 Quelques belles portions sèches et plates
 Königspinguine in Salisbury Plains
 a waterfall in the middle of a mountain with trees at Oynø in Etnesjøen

-*-

Write out the data again, exactly and in full.

 Quelques belles portions sèches et plates
 Königspinguine in Salisbury Plains
 a waterfall in the middle of a mountain with trees at Oynø in Etnesjøen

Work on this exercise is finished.